いかがお過ごしですか。上福岡教会の杉山です。
聖書の詩編には、イスラエルの歴史が現れています。イスラエルの歴史とは、神によって助け出され、大きな勝利をつかんだにもかかわらず、やがて、神を忘れて失敗し、国が滅びに向かう、という一つのパターンとして理解できます。
その悪い時に、神に助けを求める言葉が、詩編にあります。「辱めは絶えることなくわたしの前にあり わたしの顔は恥に覆われています。嘲る声、ののしる声がします。報復しようとする敵がいます。」(詩編44:16-17)これは、時代を超えた叫びかもしれません。わたしたちも、辛い出来事に出合う度に、ここまで大げさでなくても、心の中で、「恥ずかしい目に遭った」とか、「怖い思いをした」と言っていることがないでしょうか。

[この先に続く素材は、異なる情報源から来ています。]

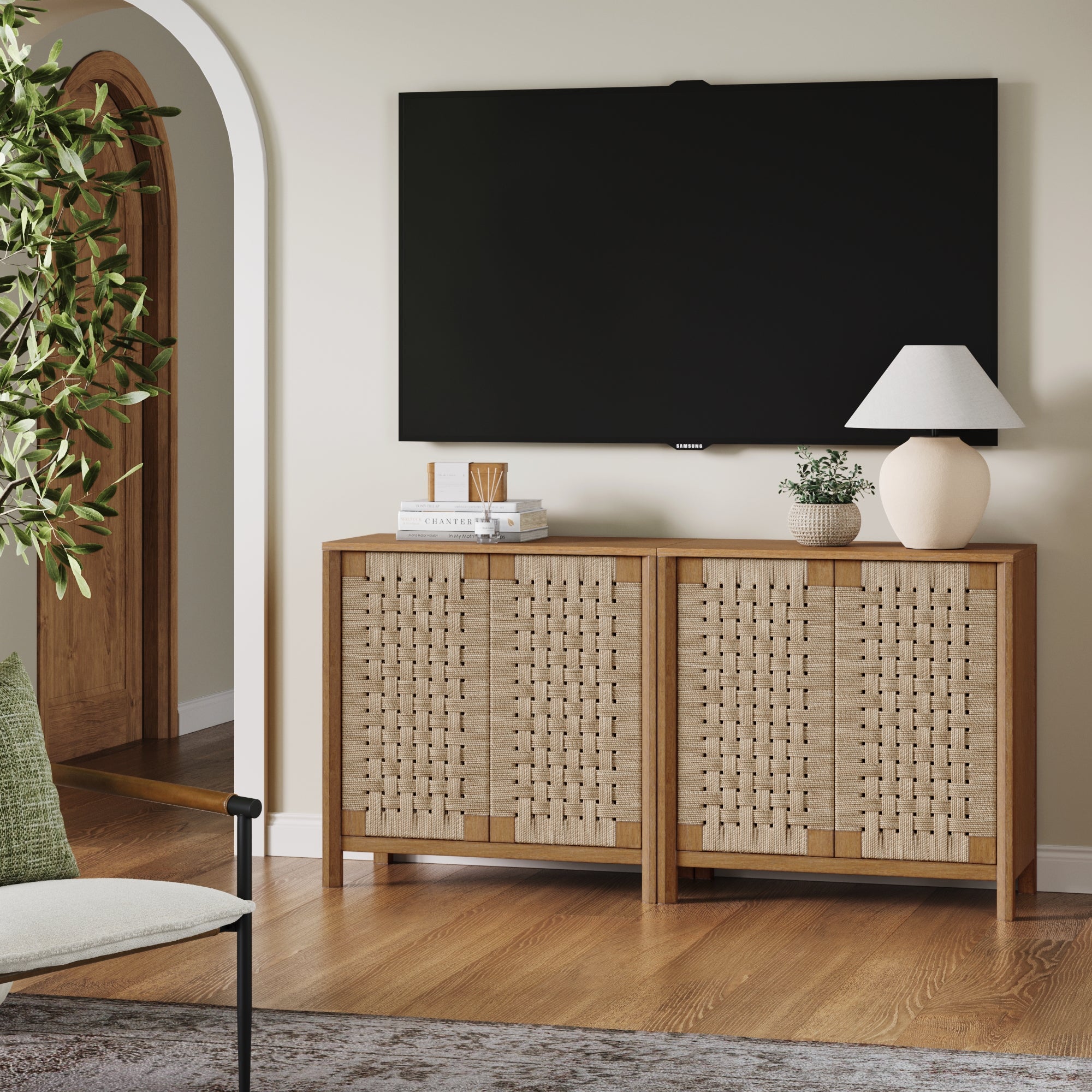 A modern living room with a large flat-screen TV mounted on a light wall above a wooden sideboard with woven doors. A lamp, potted plant, and decor items sit on the sideboard. There is a chair and a green plant nearby.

しかし、この詩編で奇妙なのは、今味わっている悲惨さは神からきていると、この詩人がはっきりと書いていることです(詩編44:10-11参照)。自分の民を悲惨な目に会わせる神というありかたは、私たちの理解を超えたところがあります。神とは優しい存在、あるいは、嬉しいことを起こしてくれる存在ではないのか、と問いたくなります。
しかし、そうであるにもかかわらず、この詩人の言葉には、希望があります。それは、今自分たちを打ちのめしているように見える神、もし、その神がこの私の運命を握っているのなら、助けもまた、まさにこの神から来るだろう、という希望です。神は、悲惨なところにあるものに、必ず助けを与えて下さる。この事を詩人は信じているのです。